Treasury Department spokesman Anthony Coley said Saturday that neither his department nor the Federal Reserve believes the law “can or should be used to facilitate the production of platinum coins for the purpose of avoiding an increase in the debt limit,” the Washington Post relates.
Some of President Barack Obama's allies have been promoting the coin strategy as a way to avoid yet another showdown with Congress.
The Washington Post has background:
The platinum coin idea gained some powerful adherents during the debt-ceiling crisis of 2011, but it really developed traction following the 2012 fiscal cliff deal, as politicians and economics writers realized that the country would, indeed, be facing another debt-ceiling crisis in a matter of months. A Twitter campaign by Joe Weisenthal, of Business Insider, and Josh Barro, of Bloomberg View, forced it into the conversation, and subsequent endorsements by Rep. Jerry Nadler (D-NY), Nobel Prize-winning economist Paul Krugman and former U.S. Mint director Philip Diehl gave it further legitimacy.

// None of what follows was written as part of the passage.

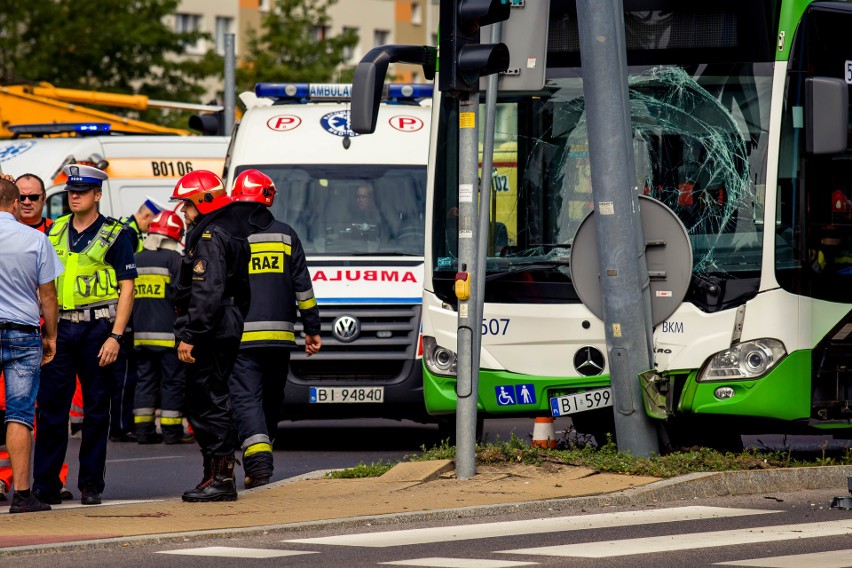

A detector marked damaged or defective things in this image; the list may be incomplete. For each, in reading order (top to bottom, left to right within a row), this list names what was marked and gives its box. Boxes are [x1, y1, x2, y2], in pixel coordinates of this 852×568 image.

The government has reached its $16.4 trillion borrowing limit. By late February or early March, Treasury will run out of ways to cover debts and could begin defaulting on government loans.
White House spokesman Jay Carney says Congress has two options at its disposal: either pay the tab for its spending or send the nation into default, which would have serious economic consequences.

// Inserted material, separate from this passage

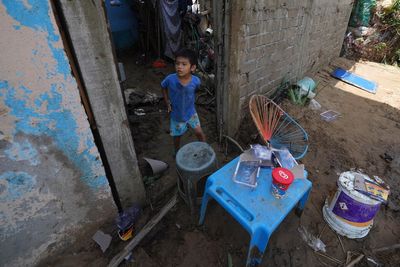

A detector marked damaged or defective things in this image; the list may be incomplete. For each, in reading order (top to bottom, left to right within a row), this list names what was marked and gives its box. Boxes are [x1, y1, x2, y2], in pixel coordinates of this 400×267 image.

President Obama says he refuses to negotiate on the matter, as Republicans try to find ways to reduce future spending.
After Senate Majority Leader Harry Reid wrote a letter to President Obama Friday asking him to act on the debt ceiling "without congressional approval, if necessary," Senate Minority Leader Mitch McConnell released a statement of his own.
“Democrats are looking at everything from the ridiculous (printing a trillion-dollar coin) to outright abdication of Congressional responsibility. But avoiding this problem will only make it worse,” it read.